Trotzdem könnten körperliche Gewalt oder Beleidigungen nie vollständig vermieden werden, sagt Eichhorn. Selbst wenn die Atmosphäre und der Umgangston tadellos sind, könne es knallen. "Beleidigungen, Schläge oder Würgen kommen vor. Manche Patienten führen Waffen mit sich, die bei der Untersuchung sichtbar werden, etwa am Gürtel", berichtet Eichhorn. "Bei verbalen Attacken muss der Praxischef konsequent handeln. Entweder kann er den Patienten zur Rede stellen oder sein Hausrecht geltend machen und ihn der Praxis verweisen", erklärt Eichhorn.

Und wenn es hart auf hart kommt? Dann sind vereinbarte Fluchtwege aus der Praxis ebenso hilfreich wie Codewörter, mit denen sich die Mitarbeiter des Praxisteams gegenseitig warnen können. Auch sollten praxisinterne Handlungsleitfäden klar vorgeben, was zu tun ist, wenn ein Patient ausflippt. "Man sollte sich jedoch niemals auf einen Kampf einlassen", betont Eichhorn. "Im Zweifel ist der Aggressor entschlossener und den Umgang mit Gewalt gewohnt."

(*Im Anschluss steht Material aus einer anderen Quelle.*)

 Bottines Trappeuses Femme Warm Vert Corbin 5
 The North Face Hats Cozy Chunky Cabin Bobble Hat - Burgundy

Hilfreich ist es, die Stimme als Waffe einzusetzen und den gewalttätigen Patienten anzuschreien, rät Eichhorn. Denn Lärm verstört. Man könne auch Ekel hervorrufen und Erbrechen simulieren. "Bei plötzlichen Ekelgefühlen weicht jeder Mensch zurück", so Eichhorn

Heinrich brauchte auf diese Kniffe nicht zurückgreifen, als ihn eines Tages ein Patient attackierte. "In dem Stadtviertel, in dem meine Hamburger Praxis liegt, gibt es viele kräftige Jungs", berichtet Heinrich. "Als ich in der Praxis angegriffen wurde, kamen mir zwei von ihnen aus dem Wartezimmer zu Hilfe und haben den Querulanten kurzerhand rausgeschmissen."